Porfirio Díaz (1830-1915), President of Mexico, 1877-80 and 1884-1911. An Indian from Oaxaca, he distinguished himself fighting against the French, 1864-67, and assumed the presidency by overthrowing Lerdo in 1867. For the next thirty-four years he controlled Mexico, bringing it forcibly into the modern world by inviting industrialization and overseas investment. He gave Mexico law and order, political stability, and, for the first time since independence, a solvent economy. Railways and roads were built, drainage and sewerage schemes initiated, and oil fields brought into production. Yet the name of Díaz is widely detested because progress was made at such cost to humanity: corruption and bribery throughout the civil service, exploitation of Mexican resources by foreign powers, no freedom of the press, virtual slavery of the uneducated, and extravagant displays of luxury among the rich. The gap between rich and poor had never been wider, and because the costs of modernisation had been so great and had caused such wide-spread discontent, the seeds of insurrection were sown, culminating in the bloody Revolution of 1910-20.

108.6 rurales.

A rural police force established under Juarez before the French intervention, 1864-67, when they played a major peacekeeping role. Under Díaz, the corps was strengthened considerably, and in addition to its original patrolling function it was used to guard ore shipments, escort prisoners, support local police forces and enforce unpopular court decisions. Turner notes that rurales were used to transport and guard slaves in the Valle Nacional [Barbarous Mexico, 59]. Because of their cruelty and ruthless excesses, the rurales were feared and detested by villagers who saw their activities as a form of legalised brigandage.  The offshoots of that system are still present in the novel: with regular police on strike, the real power is in the hands of such vigilantes as those who turn up later [247].

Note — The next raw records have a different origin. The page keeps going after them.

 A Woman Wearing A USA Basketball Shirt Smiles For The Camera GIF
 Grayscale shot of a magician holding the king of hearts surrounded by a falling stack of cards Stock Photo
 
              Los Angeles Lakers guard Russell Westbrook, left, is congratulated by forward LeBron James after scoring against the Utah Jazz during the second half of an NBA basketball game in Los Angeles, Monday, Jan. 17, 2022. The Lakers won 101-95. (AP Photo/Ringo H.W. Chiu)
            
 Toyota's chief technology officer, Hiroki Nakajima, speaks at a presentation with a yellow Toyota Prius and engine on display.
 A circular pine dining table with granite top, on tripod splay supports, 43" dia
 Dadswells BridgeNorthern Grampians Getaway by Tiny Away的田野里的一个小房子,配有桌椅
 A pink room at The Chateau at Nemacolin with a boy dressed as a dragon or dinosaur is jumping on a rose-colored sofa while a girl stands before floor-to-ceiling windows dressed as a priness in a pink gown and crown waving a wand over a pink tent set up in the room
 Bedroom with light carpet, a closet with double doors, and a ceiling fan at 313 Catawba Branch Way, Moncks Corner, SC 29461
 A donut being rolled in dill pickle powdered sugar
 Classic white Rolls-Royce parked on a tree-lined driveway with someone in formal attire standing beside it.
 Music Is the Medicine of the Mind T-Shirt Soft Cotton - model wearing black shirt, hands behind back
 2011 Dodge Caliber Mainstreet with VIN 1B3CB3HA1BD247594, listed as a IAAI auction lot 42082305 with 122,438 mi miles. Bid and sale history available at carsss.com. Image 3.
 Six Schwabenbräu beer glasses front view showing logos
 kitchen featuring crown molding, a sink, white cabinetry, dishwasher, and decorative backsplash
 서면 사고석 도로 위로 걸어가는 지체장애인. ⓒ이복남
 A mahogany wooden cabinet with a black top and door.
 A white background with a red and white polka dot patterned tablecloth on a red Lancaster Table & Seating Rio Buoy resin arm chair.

Turner [148] describes the rurales as

mounted police usually selected from the criminal class, well-equipped and comparatively well-paid, whose energies have been turned to robbery and killing for the government. There are federal rurales and state rurales, the total of the two running somewhere between 7,000 and 9,000. They are divided among the various states in about equal proportions to the population, but are utilized in most of the rural districts. The rurales are the special rough riders of the jefes politicos and they are given almost unlimited powers to kill at their discretion.

108.7 jefes políticos.

Sp. "political bosses," most of whom, under Díaz, were military men given civic offices in return for services rendered. Turner comments [72-73]:

A jefe político is a civil officer who rules political districts corresponding to our counties. He is appointed by the president or by the governor of his state and is also mayor, or presidente, of the principal town or city in his district. In turn he usually appoints the mayors of the towns under him, as well as all other officers of importance. He has no one to answer to except his governor – unless the national president feels like interfering – and altogether is quite a little Czar in his domain. 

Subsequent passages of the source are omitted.